Tiens, encore une accusation dans le vide : "business juteux pour certains", pour qui donc au juste ? Denis, arrête la parano, tu te fais du mal.

Je tiens l'info à propos de la rentabilité des romans d'un ami qui travaille chez Hachette - il passe chez les libraires vanter les dernières nouveautés et prendre les commandes, c'est son métier d'être au courant de ce qui se vend. Mais évidemment, ce n'est qu'une personne, et il ne représente qu'un éditeur.


À part ces on-dits, on peut consulter les statistiques officielles :
http://www.fill.fr/images/documents/chiffres_cles_livre_sll_2012_2013.pdf

L'évolution des ventes en valeur est négative en 2011, 2012 et 2013, en volume elle est indécise en 2011, négative en 2012 et en 2013. les prêts en bibliothèque ont baissé de 2% en 2012. Les gens lisent de moins en moins de livres.

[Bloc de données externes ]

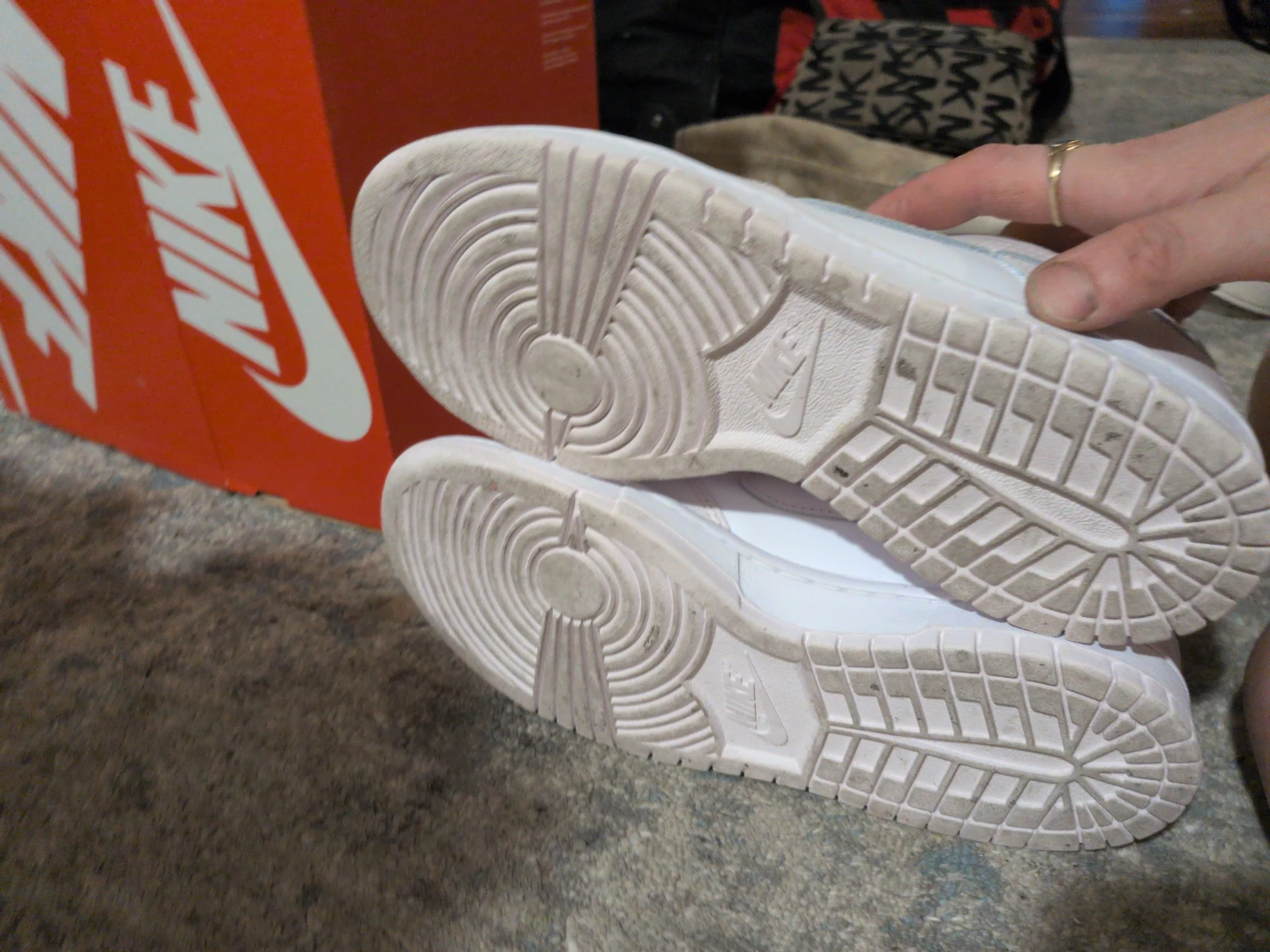 Nike Dunk Low (GS) sneakers - photo 3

La rentabilité est de 0,6% du CA en 2011. Fabriquer et vendre des livres est très peu rentable, les éditeurs ne sont pas riches.

Les achats forcés (livres scolaires, manuels de médecine et de droit, livres universitaires) représentent 13% des exemplaires vendus mais 23% du CA : ce sont eux les plus rentables.
La littérature jeunesse représente 21% des exemplaires mais seulement 13% du CA : elle n'est pas du tout rentable.
Les romans représentent 25% des ventes et 24% du CA, ils sont dans la moyenne de la rentabilité, juste un peu en-dessous des guides touristiques (13% des ventes, 14% du CA).
Théâtre et poésie ensemble représentent 0,4% des ventes et 0,2% du CA - c'est-à-dire pas rentables et insignifiants.


J'avoue que je me suis trompé sur les livres d'images, je les croyais plus importants que les petits pourcentages qu'ils atteignent.
Pour le reste, je m'y retrouve assez bien : le livre est un secteur en perte de vitesse, avec une rentabilité très faible ; le roman part de très haut, donc on a encore l'impression qu'il vit bien ; la poésie part de très bas, donc on voit bien qu'elle ne se vend pas.
On peut évidemment s'imaginer que les éditeurs sont des salauds et qu'ils refusent de publier de la poésie alors qu'elle pourrait être rentable - il est plus sage de penser qu'ils font leur métier pour gagner de l'argent et que s'ils découvraient de la poésie qui se vend, ils la publieraient.

Ça ne répond pas à la question "pourquoi la poésie se vend-elle moins que les romans ?", mais au niveau où c'en est (0,4% en incluant le théâtre contre 25%), il serait grotesque de se figurer que c'est le résultat d'une cabale. La poésie se vend moins que les romans parce qu'il y a infiniment moins de gens qui prennent du plaisir à en lire, voilà tout.

Sachant aussi que le roman comprend pour une bonne part les romans de gare, les romans à l'eau de rose et les nuances de Grey (James, Musso, Levy, Bussi squattent les meilleures ventes), il ne reste plus qu'à se demander comment écrire de la poésie qui s'adresse à ce public-là et qui lui procure des émois comparables. Moi je ne m'en sens pas capable, mais allez-y, vous.